Matasumbar.com – Mengingat kabupaten Kepulauan Mentawai merupakan daerah yang di kelilingi laut, bahkan rentan terjadi kecelakaan laut, maka penting di berlakukan aturan izin berlayar kepada pemilik Long boat, guna mengantisipasi terjadinya insiden.
Melihat kejadian beberapa pekan lalu banyak Long boat berangkat tanpa diketahui otoritas pelabuhan, sehingga sering terjadi insiden yang mengakibatkan menelan korban di perairan Mentawai.
Menyikapi hal demikian, Polres Mentawai melalui Sat Polairud bekerjasama dengan Dishub, Kantor Pencarian dan Pertolongan Mentawai dan UPP Sioban adakan sosialisasi keselamatan berlayar dan pembuatan pas kecil bagi pemilik dan operator long boat.
“Pentingnya meningkatkan kesadaran dan kepatuhan hukum dalam berlayar guna mencegah kecelakaan laut yang dapat menelan korban” ucap Iptu M Toha di Aula Dinas Perhubungan Mentawai, Jumat (18/7/2025).
Selain itu, setiap pemilik long boat yang akan berlayar membawa orang dan barang wajib laik laut dan mempunyai alat keselamatan lengkap.

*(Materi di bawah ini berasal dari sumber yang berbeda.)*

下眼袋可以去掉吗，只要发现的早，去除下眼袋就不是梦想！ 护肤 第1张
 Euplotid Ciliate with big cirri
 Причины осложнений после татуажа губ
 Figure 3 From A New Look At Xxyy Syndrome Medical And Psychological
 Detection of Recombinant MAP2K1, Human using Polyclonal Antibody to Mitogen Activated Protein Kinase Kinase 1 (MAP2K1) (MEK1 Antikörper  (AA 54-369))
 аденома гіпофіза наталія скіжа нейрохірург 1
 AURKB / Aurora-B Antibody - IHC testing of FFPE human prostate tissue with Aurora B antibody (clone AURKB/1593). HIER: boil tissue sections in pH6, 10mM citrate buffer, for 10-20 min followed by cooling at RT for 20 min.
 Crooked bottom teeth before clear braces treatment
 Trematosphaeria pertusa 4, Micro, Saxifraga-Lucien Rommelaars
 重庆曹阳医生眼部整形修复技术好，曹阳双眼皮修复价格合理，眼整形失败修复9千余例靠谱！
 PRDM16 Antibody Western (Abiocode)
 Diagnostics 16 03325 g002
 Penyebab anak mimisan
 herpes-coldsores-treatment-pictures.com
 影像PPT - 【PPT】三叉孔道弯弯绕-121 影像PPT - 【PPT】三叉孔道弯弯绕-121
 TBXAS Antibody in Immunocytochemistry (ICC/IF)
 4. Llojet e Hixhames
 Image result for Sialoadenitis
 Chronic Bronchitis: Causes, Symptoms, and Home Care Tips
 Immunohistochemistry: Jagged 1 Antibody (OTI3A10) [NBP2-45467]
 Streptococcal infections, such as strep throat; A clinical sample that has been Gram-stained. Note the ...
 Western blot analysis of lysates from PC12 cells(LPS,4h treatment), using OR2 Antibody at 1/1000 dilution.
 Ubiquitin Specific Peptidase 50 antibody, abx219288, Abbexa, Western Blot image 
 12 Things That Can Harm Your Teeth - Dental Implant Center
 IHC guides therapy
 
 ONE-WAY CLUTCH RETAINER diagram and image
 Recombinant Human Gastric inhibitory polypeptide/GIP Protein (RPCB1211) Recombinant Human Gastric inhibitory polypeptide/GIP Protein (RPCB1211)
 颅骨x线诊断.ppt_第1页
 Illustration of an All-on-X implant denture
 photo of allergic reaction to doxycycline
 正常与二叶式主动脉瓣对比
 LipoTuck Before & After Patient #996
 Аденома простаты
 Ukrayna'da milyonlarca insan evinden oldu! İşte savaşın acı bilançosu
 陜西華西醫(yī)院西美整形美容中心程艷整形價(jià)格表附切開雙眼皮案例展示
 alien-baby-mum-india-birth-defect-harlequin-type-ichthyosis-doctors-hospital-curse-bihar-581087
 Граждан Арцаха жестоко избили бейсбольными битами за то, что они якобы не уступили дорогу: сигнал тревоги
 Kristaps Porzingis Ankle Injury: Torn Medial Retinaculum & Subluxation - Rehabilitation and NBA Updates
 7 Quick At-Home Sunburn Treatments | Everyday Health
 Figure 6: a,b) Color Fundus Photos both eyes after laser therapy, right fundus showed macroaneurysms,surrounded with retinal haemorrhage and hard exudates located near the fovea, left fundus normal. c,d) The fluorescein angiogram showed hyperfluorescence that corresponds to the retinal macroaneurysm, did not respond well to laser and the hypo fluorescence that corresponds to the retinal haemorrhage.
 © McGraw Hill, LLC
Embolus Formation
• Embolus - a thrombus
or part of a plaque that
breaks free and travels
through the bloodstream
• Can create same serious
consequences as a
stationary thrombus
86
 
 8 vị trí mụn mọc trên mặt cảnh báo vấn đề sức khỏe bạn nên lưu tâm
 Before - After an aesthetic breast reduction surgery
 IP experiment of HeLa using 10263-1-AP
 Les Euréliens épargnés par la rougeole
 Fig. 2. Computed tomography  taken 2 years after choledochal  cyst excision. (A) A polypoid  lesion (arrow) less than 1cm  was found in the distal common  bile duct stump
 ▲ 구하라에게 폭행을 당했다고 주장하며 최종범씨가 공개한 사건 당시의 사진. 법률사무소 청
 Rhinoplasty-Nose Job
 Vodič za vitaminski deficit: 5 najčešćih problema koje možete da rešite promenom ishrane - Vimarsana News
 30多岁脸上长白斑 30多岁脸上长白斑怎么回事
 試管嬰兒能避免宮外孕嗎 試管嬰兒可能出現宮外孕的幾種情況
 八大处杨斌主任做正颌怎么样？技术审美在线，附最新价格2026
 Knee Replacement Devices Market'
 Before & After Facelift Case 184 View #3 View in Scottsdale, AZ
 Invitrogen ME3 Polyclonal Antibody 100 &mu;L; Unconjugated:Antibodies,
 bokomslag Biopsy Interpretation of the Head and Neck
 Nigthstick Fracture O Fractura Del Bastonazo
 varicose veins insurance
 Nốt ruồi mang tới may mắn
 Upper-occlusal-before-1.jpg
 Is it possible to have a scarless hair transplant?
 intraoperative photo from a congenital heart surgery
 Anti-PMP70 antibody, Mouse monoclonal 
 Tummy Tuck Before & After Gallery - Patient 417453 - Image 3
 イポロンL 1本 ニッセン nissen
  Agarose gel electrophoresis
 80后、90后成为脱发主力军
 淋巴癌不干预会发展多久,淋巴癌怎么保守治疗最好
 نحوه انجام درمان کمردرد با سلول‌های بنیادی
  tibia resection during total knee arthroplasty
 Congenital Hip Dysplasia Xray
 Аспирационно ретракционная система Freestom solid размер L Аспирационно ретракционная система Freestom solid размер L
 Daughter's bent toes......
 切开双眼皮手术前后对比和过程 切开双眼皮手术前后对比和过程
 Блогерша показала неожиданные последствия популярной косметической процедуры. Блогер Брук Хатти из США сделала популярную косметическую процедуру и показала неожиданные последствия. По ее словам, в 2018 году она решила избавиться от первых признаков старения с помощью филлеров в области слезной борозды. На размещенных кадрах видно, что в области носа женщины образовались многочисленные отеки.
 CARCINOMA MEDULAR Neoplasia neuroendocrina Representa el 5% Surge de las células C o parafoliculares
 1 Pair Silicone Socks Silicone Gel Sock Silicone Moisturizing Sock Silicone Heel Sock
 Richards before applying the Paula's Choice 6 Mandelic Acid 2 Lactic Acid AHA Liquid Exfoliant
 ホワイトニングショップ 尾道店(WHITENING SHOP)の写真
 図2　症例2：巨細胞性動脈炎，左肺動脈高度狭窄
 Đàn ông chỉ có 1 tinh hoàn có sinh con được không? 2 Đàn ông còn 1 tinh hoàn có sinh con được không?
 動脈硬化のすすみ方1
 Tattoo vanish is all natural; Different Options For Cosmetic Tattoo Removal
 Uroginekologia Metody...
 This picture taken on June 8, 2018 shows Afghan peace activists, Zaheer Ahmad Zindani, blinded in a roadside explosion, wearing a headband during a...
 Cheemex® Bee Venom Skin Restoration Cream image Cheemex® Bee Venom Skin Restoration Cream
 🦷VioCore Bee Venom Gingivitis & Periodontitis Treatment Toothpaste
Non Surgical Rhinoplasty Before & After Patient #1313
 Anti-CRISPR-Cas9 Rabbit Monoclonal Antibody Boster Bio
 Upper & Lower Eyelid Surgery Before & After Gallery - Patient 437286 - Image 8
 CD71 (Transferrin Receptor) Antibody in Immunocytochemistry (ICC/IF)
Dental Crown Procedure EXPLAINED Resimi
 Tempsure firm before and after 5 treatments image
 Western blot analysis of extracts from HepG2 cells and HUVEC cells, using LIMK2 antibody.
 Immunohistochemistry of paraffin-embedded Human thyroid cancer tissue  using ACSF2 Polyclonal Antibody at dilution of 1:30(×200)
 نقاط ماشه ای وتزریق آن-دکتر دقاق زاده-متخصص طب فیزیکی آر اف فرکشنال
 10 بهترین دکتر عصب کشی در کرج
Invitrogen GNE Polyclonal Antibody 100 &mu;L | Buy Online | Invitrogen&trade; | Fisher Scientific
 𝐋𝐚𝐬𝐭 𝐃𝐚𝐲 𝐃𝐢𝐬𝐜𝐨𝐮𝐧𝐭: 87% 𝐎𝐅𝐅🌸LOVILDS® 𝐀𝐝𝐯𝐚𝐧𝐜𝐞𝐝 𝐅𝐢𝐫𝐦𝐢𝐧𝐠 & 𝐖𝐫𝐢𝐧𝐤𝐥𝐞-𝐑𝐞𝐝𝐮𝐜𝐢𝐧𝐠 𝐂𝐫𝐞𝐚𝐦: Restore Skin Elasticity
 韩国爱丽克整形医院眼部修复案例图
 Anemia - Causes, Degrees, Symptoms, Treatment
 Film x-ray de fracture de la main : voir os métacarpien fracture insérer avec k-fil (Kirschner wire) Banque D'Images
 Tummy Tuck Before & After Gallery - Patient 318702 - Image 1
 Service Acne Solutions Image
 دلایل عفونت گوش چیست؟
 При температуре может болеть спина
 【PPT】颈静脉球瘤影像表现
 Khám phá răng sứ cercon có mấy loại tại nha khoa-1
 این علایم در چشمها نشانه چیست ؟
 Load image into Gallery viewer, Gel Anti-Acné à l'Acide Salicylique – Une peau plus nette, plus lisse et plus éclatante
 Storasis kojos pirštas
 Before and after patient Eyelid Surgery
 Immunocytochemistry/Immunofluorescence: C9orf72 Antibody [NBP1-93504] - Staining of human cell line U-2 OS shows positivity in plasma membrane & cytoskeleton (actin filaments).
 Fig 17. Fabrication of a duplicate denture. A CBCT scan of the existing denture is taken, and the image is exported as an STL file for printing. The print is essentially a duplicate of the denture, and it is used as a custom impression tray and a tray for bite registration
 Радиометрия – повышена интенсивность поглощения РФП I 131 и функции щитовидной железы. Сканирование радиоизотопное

“Pemilik dan operator long boat, mari kita tingkatkan kesadaran dan kepatuhan hukum dalam berlayar, sehingga kita dapat mencegah kecelakaan laut serta menjaga keselamatan penumpang, tuturnya.
Tak hanya itu, Kasat Polairud juga ingatkan kepada pemilik long boat memiliki dokumen kelengkapan berlayar yang sah seperti pas kecil dan surat persetujuan berlayar.
“Jika tidak mempunyai surat persetujuan berlayar, maka dapat melanggar pasal 219 UU Nomor 17 Tahun 2008 dengan ancaman hukuman 10 tahun penjara, apalagi jika mengakibatkan kematian,” tegas Toha.
Dia menambahkan, melalui kegiatan sosialisasi ini diharapkan pemilik dan operator long boat dapat memahami pentingnya keselamatan berlayar dan memiliki pengetahuan tentang bagaimana berlayar yang aman.
“Prinsipnya Polres Kepulauan Mentawai akan terus melakukan upaya pencegahan dan edukasi untuk menjaga keselamatan masyarakat Mentawai” pungkasnya.